Demystifying Dependence and Why it is Important in Causal Inference and Causal Validation

Author:Murphy | View: 27944 | Time: 2025-03-23 12:06:16

Introduction

Causal Inference is an emergent branch of data science concerned with determining the cause-and-effect relationship between events and outcomes and it has the potential to significantly add to the value that machine learning can generate for organisations.

For example, a traditional machine learning algorithm can predict which loan customers are likely to default thereby enabling proactive intervention with customers. However, although this algorithm will be useful to reduce loan defaults, it will have no concept of why they occurred and whilst pro-active intervention is useful knowing the reasons for defaults would enable the underlying cause to be addressed. In this world pro-active intervention may no longer be necessary because the factors that lead to defaulting have been permanently cured.

This is the promise of Causal Inference and why it has the potential to deliver significant impact and outcomes to those organisations that can harness that potential.
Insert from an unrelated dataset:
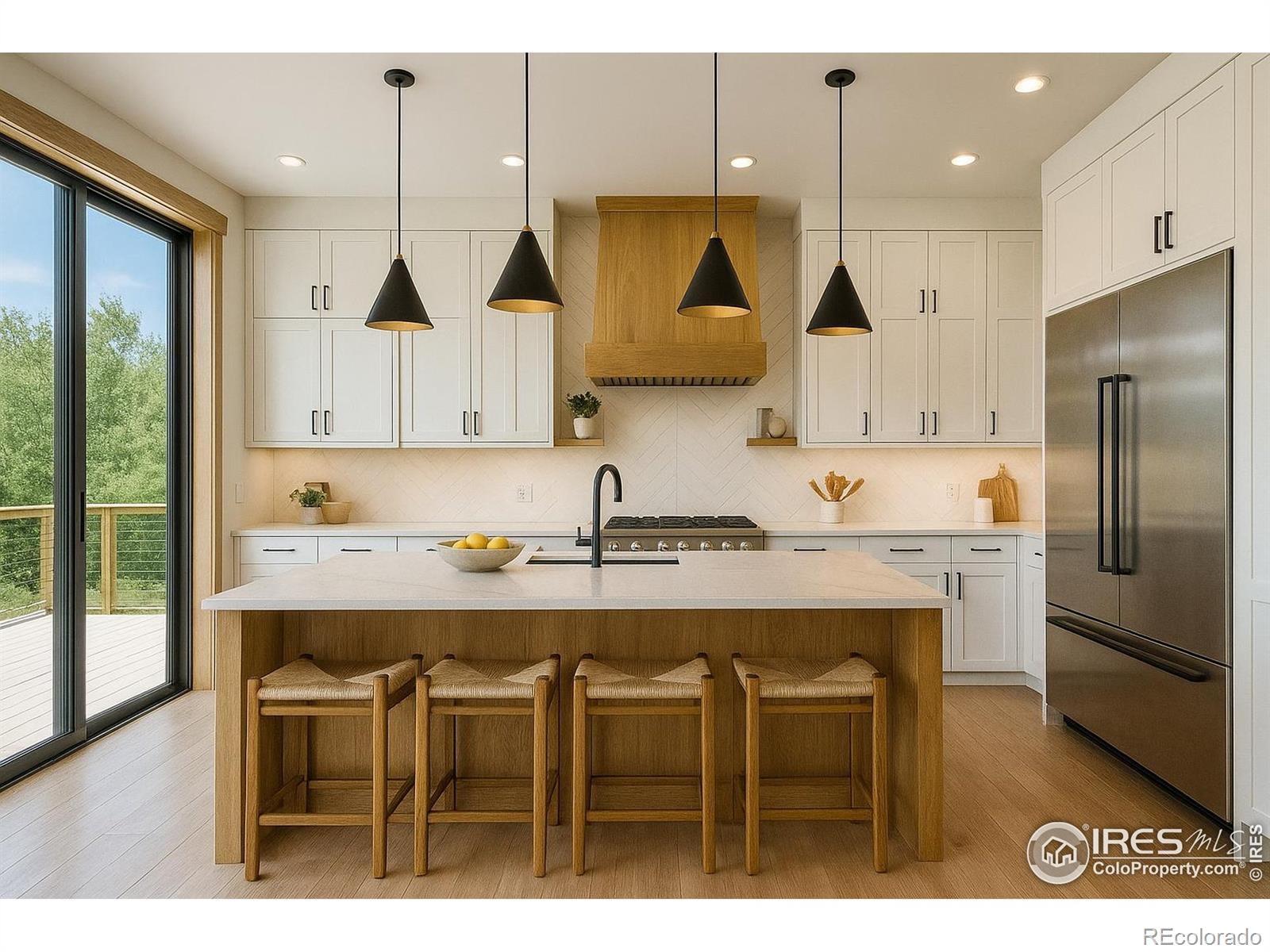 300 Shining Star Trail #A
There are a number of different approaches but the most common approach typically starts by augmenting the data with a "Directed Acyclic Graph" which encapsulates and visualises the causal relationships in the data and then uses causal inference techniques to ask "what-if" type questions.

The Problem

A Directed Acyclic Graph (DAG) that encapsulates the causal relationships in the data is typically constructed manually (or semi-manually) by data scientists and domain experts working together. Hence the DAG could be wrong which would invalidate any causal calculations leading to flawed conclusions and potentially incorrect decisions.

The Opportunity

A range of techniques exist for "Causal Validation" (the process of validating the DAG against the data) and if these techniques work they can minimise or eliminate errors in the DAG thereby ensuring that the calculations and conclusions are error-free.

The Way Forward

The statistical concept of dependence between random variables can be used to ascertain whether a relationship that exists in the DAG also exists in the data; if it does exist the DAG is more likely to be correct and if not it is more likely to be incorrect.

Getting Started

We are going to need an example DAG to work through the problem which has enough nodes and links to enable a deep exploration of causal validation …
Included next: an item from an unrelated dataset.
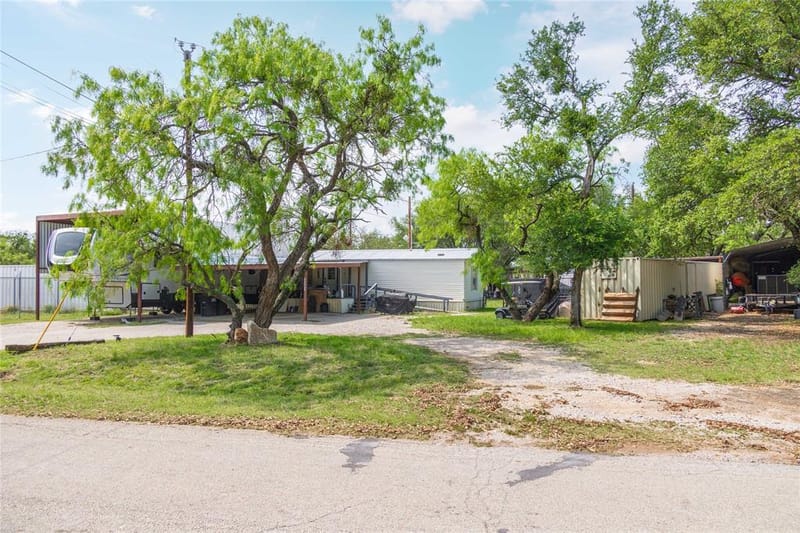 4991 Thunderbird Drive, May TX 76857 - Photo 30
Example DAG that will be used throughout the article – Image by Author

Each node in a DAG is either having a causal effect on other node(s) or other node(s) are having a causal effect on it and the direction of the arrow is the direction of the causal effect. For example, one of the causes of "B" is "C" and one of the causes of "C" is "F".

The example DAG is fictitious hence the node letters / names are unimportant, however "X" is intended to be the "treatment", "Y" is the "effect," and all the other nodes are having some causal impact that would, in a real-world example, obscure the true effects of X on Y.

Note that the light-blue nodes have no inputs (exogenous in causal terminology) and the dark-blue nodes have one or more inputs (endogenous in the terminology).

To get started we will also need some data that matches the DAG. The dataset below is entirely synthetic and has been generated by the author. It exactly encapsulates and matches the structure suggested by the DAG and contains no erroneous or faulty relationships …

Synthetic, fictitious dataset that is associated with the DAG – Image by Author

Another thing we need before we can get started is a way of extending the pandas DataFrame and Series classes with custom methods so that the code we write is clean, concise and easy to understand.

Here is a link to one of my previous articles that provides an end-to-end tutorial on how to extend data frames and why it is a useful thing to do …

How to Extend Pandas DataFrames with Custom Methods to Supercharge Code Functionality & Readability

Understanding Dependence

One definition of dependence is as follows …

Dependence between two random variables means that the occurrence or value of one variable affects the occurrence or value of the other. Variables are considered dependent if the occurrence or value of one variable provides information about the occurrence or value of the other variable.

To unpack this, let's take another look at our example DAG and consider the causal factors that affect node Y …

DAG with causal factors affecting Y highlighted – Image by Author

In this visualisation we can see that node Y is caused by (and hence dependent on) 5 different factors – C , E , F , G and X.

Now lets take another look at the data that the DAG is representing …

Review of the first 5 rows of data from the df_causal DataFrame – Image by Author

This synthetic data set was created by the author to facilitate the article so I happen to know that the relationship between node Y and those dependent factors is as follows …

Y = 3C + 3E + 2F + 2.5G + 1.5X + ε

(Note: ε represents the error term)

… and this can be tested and verified by picking a row (in this case I have chosen the 3rd row) applying that formula to the data …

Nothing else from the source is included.